ENTRIES SUPPLIED:

○ ○ ○

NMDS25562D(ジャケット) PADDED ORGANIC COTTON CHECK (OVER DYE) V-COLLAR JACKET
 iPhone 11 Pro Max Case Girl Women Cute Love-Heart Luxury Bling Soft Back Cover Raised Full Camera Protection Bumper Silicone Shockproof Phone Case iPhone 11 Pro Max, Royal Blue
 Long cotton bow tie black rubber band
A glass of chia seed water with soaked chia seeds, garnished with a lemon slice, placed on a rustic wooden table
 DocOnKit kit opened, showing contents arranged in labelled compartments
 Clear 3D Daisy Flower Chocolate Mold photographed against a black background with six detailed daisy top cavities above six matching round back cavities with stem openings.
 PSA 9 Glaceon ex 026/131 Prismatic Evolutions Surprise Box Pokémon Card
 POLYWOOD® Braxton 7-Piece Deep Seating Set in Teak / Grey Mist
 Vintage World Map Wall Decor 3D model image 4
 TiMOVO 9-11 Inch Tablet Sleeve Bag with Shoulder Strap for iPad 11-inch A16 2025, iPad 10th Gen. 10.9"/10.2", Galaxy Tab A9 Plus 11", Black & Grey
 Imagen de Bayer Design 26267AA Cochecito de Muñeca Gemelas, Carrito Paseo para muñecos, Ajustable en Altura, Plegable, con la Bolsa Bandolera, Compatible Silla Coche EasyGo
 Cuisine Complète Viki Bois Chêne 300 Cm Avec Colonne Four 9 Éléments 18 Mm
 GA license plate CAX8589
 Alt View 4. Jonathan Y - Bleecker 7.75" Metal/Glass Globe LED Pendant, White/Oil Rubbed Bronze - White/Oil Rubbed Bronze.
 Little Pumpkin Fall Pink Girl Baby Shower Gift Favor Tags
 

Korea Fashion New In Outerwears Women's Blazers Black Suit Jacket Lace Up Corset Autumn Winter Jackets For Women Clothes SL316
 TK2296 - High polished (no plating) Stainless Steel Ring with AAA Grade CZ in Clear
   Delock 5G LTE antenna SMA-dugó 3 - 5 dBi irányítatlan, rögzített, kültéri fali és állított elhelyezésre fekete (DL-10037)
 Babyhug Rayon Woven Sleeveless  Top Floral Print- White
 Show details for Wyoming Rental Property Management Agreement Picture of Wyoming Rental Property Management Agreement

○ ○ ○

EXERCISE DESCRIPTION: Send back an exact copy of only the lines from the line with "Long cotton bow tie black rubber band" up to and including the line with "Little Pumpkin Fall" in the data above.

ANSWER SECTION:
 Long cotton bow tie black rubber band
A glass of chia seed water with soaked chia seeds, garnished with a lemon slice, placed on a rustic wooden table
 DocOnKit kit opened, showing contents arranged in labelled compartments
 Clear 3D Daisy Flower Chocolate Mold photographed against a black background with six detailed daisy top cavities above six matching round back cavities with stem openings.
 PSA 9 Glaceon ex 026/131 Prismatic Evolutions Surprise Box Pokémon Card
 POLYWOOD® Braxton 7-Piece Deep Seating Set in Teak / Grey Mist
 Vintage World Map Wall Decor 3D model image 4
 TiMOVO 9-11 Inch Tablet Sleeve Bag with Shoulder Strap for iPad 11-inch A16 2025, iPad 10th Gen. 10.9"/10.2", Galaxy Tab A9 Plus 11", Black & Grey
 Imagen de Bayer Design 26267AA Cochecito de Muñeca Gemelas, Carrito Paseo para muñecos, Ajustable en Altura, Plegable, con la Bolsa Bandolera, Compatible Silla Coche EasyGo
 Cuisine Complète Viki Bois Chêne 300 Cm Avec Colonne Four 9 Éléments 18 Mm
 GA license plate CAX8589
 Alt View 4. Jonathan Y - Bleecker 7.75" Metal/Glass Globe LED Pendant, White/Oil Rubbed Bronze - White/Oil Rubbed Bronze.
 Little Pumpkin Fall Pink Girl Baby Shower Gift Favor Tags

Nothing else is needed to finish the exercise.